When Microsoft was launching Azure during the last years, the team invented a service called Azure WebSites in the early days. This service was an amazing step in the direction of making a very complex topic as easy as possible. Just today we are looking for a similar thing in Amazon Web Services without luck.
Nowadays the service is called Azure App Services and can be called the backbone of Microsofts strategy to make the life of Software as a Service developers easier. Definitely Azure App Services is the solution for headache free operations of Web Applications because you get so many important features for free e.g.:
- Load Balancing
- SSL Certificate Management
- Patch Management and Operating System Updates
- Deployment Slots
Besides that, an Azure App Service is fault tolerant even if you operate just a single instance and allows you to scale out based on many indicators like CPU, RAM or Queue Length. Adding WebJobs to App Services was the missing piece to bring the workload of a Web Application into the background, e.g. the processing of uploaded images or data reports which needs to be prepared.
As soon as Software as a Service offerings are growing (e.g. Azure Costs) the background work is something you could start worrying when using Azure App Services. The scale out features look great for small apps but have their pitfalls e.g. you can only scale out on instance level and not on job level so when you want to increase the amount of workers in App Services you need to increase the instance count. The other challenge we had is that the WebJob shares CPU and RAM with the Website process. This could influence the perceived performance of your application. This challenge could be covered by operating several App Service Plans in parallel and let the WebSite run in a different plan to the background worker.
If you are at this point the costs perspective comes into the game. Operating a App Services Plan which just runs WebJobs is a great thing but the reality is that you don’t need all the nice WebSite features and normally you want to have more granular ways for scale out. We at Azure Costs started searching for an alternative which runs as well in Azure because we would like to keep the traffic in one data center to keep an eye on these costs as well. During this research we identified that container technology could be very helpful because it allows us to spin another 20 containers just for scale out in a specific area.

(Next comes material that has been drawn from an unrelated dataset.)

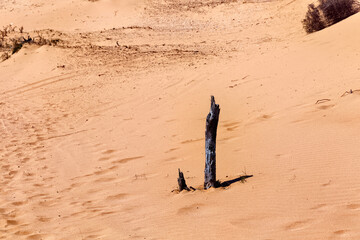 View of the dead wood trunk in the sundy african desert landscape. Morocco.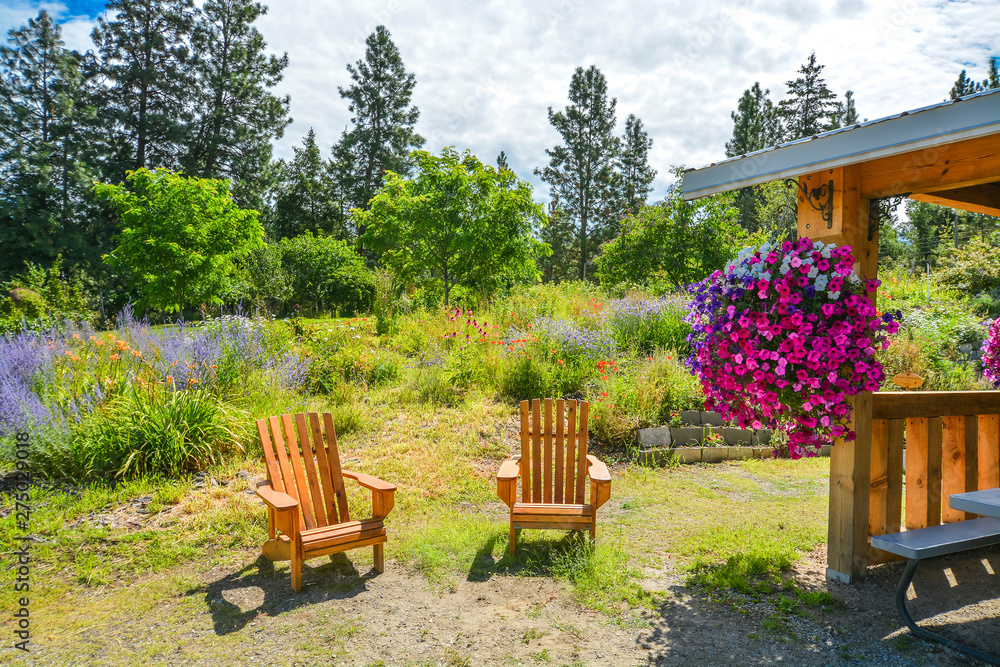 Back yard garden with wooden chairs and shed on sunny day Back yard garden with wooden chairs and shed on sunny day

Microsoft offers AKS (Azure Kubernetes Services) which gives you a fully managed Kubernetes Cluster running on Azure without having the pain to operate control plans. So it becomes very attractive also for smaller clusters consistent out of 2 up to 5 servers. Let’s review if and when yes, how AKS can cover the new requirements.
Requirement 1: Background Workers can’t influence the Web Site Host directly
We decided to let the WebSite be on an Azure App Service plan and use all the features like SSL certificates, Instance based Scale out based on CPU and RAM or Load Balancing. So by design the Kubernetes Cluster just runs on different hosts as the WebSite and they never influence each other on a direct way.
Requirement 2: Scale-Out is possible on a per job level
Kubernetes relies on docker containers which means what was a WebJob before, now becomes a container and it’s possible to scale out the containers as part of a deployment definition easily. Kubernetes has also native support for Azure to scale out the underlying servers called node pools in Azure. So the system becomes fully flexible and can breath as you need.
Requirement 3: Dedicated Resource Allocation for Job-Worker are possible
Azure App Services is totally shared which means the jobs are fighting with the Webserver for resources like RAM and CPU. It’s even not possible to allocate a minimum amount of CPU tickets to a dedicated worker. It could happen very easily that you overload the CPU when a lot of background work happens. Kubernetes has a different concept and strict Quality of Service classes (QOS) to avoid this topic and make it manageable.
Requirement 4: Patch-Management comes for free
Patch-Management is somehow the downside of AKS because you are operating virtual machines in the cloud and it’s up to you to trigger updates and so on. We decided to follow the idea of immutable infrastructure which means when we need an update we just re-deploy the whole cluster and remove the old one. It gives use all the capabilities Microsoft invests in his virtual machine image gallery for free.
Finally we defined for us that a good structure is to bail out all background work into a growing Kubernetes Cluster and dockerize our whole background logic. Since we did the change we have full control of resource allocation and can easily scale out on a per job level which means more people need on demand reports which should not block the IIS threads the system scales up this group of workers. Over the night when we import tons of data, the system scales up these kind of workers very easily.
Reviewing the costs speaks also a positive language. As Microsoft is not charging you for cluster management you just pay the virtual machines, and this means normally machines on premium storage for approx. 90% of the price of the corresponding App Service plan. Normally the machines can have double of the RAM the App Service Plan offers.
I can recommend the combination of Azure App Service Plans for your WebSite and WebServices and a Managed Kubernetes Cluster know as AKS for all the work behind the scene. How do you think about this architecture, did I miss something? Do you follow a different approach?